Anthropoi are, if nothing else, very sophisticated internal mappers. It is one reason that we spend some much of our time living in our own imaginations. It allows us to build pyramids and send probes to see whether the planet Jupiter has a solid core or not. It also allows us to choose not to eat a big bag of pork rinds even though we would really enjoy that. The moral dimension emerges when we began to distinguish between what we want to do and what we ought to do. That, almost certainly, was a product of our evolution as political animals. We became very effective cooperators because we were able to resist the temptation to cheat one another, more or less, enough for government work. Our mapping software includes a lot of prepackaged apps for getting along with other people, for demonstrating that we are good partners, for detecting when someone else is not.

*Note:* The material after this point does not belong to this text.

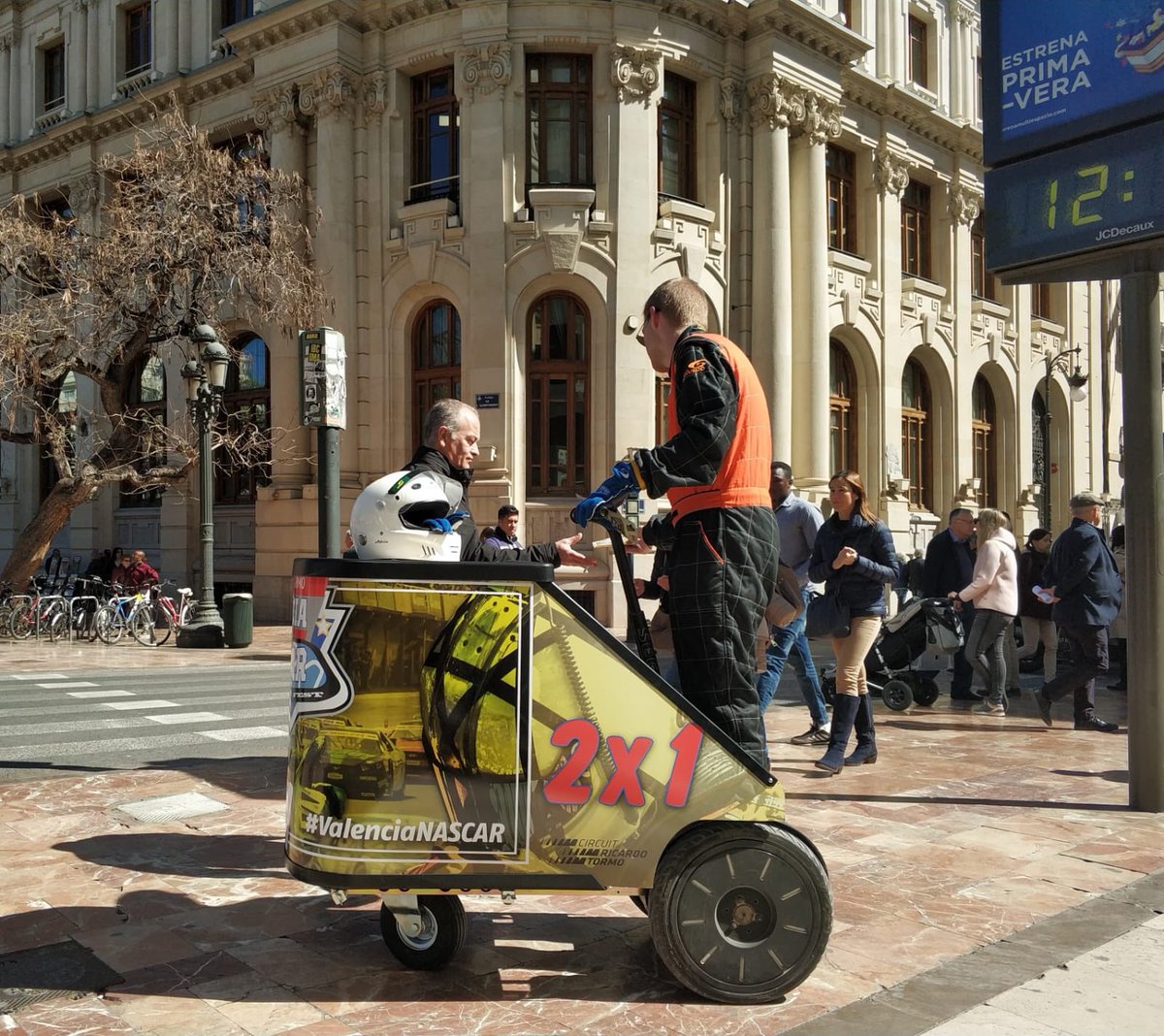 CircuitValencia's tweet photo. Hoy y mañana te puedes encontrar a este tipo por Valencia. Tiene información del #ValenciaNASCAR y regala descuentos 2x1 https://t.co/DKgJTSKi8H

Teleological explanations applied to human technology and those directed toward biological phenomena are in one sense the same and in another different. They are the same in the sense that they emerge in evolutionary history due to the same dynamics. We learned how to build dwellings for the same reason that ants and bees did: to survive. They are not the same in the sense that we are pursuing ends that are not reducible to mere biological lineages. Like any other animal, we pursue comfort and satisfaction directly and serve our Darwinian interests only indirectly. Unlike any other animal, we are capable of genuine happiness. We can achieve a life that is consciously satisfying, in a broad awareness of who we are and what we want.
It was long assumed that Aristotle was illegitimately anthropomorphizing when he introduced teleological explanations to his science of nature. Darwinian biology shows that he was legitimately anthropomorphizing. Because human powers of thought are the products of evolutionary history, they are the best information we have about evolutionary history.